ADHD and The Model: A Framework To Manage Your Mind
Day 10: The Model
Today I want to teach you The Model.
And no, I don’t mean the type of model that walks a catwalk, as portrayed in the picture above, but The Model that was created by #BrookeCastillo of The Life Coach School. It’s a tool, a framework really, that we can use to examine our thoughts and our feelings and ultimately our results.
She’s the first to say that it’s based on universal concepts that are not new. It’s just a handy way to see the connection between what we think and our current results. As a Life Coach certified through The Life Coach School, I use The Model with my clients and have found it invaluable in my everyday life.
Here we go.
The Model is composed of 5 parts. Circumstances, Thoughts, Feelings, Actions and Results.
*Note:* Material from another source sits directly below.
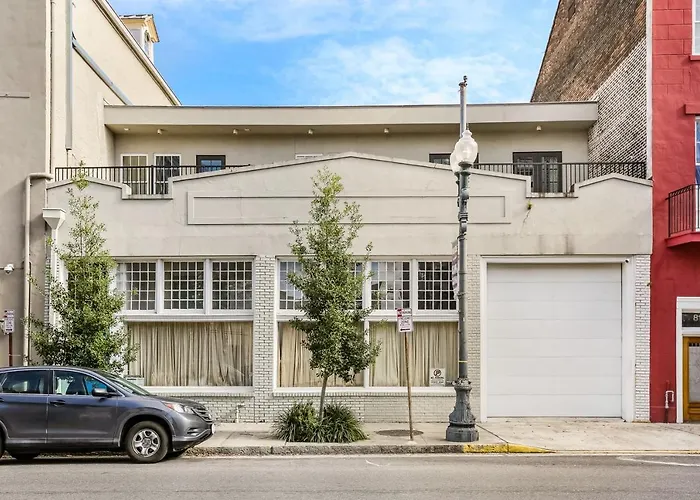 Stunning 5 Bedroom Urban Oasis Downtown Nola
When we are “doing a model”, we want to write the 5 letters down on a piece of paper like so.
C
T
F
A
R
Let’s take a minute to go over each of the individual componenets. I’m going to define each as it relates to and works when using The Model.
C stands for Circumstances. These are facts. Everyone in the world would agree on them. They don’t include opinions. They are neutral. Not good or bad. They are often out of our control.
T stands for Thoughts. These are sentences in our brains. When we’re doing a model, we want to think of one thought at a time, or one thought per model. Thoughts include opinions. They are what we think about the circumstances happening around us.
F is for Feelings. For the purposes of The Model, Feelings are going to be one word vibrations that we feel in our body. They are emotions. Things like happy, sad, angry, frustrated, confused, embarrassed, capable.
A is for Actions, Inactions or Reactions. They are the things that we do (or don’t do) when we feel a certain way.
R stands for Results. These are the results that are created by our Actions or Inactions.
When running a model, the following is always true. Circumstances happen to us all. We have thoughts about them. Our thoughs generate feelings. Our feelings cause our actions, and our actions create our results.
All of the results that we have in life are created by our thoughts. One thing to keep in mind is our results will ALWAYS prove our thought to be true.
Another helpful thing to remember is negative thoughts generate negative feelings and create negative results. Positive thoughts, generate positive feelings and create positive results.
Let me give an example of how this works.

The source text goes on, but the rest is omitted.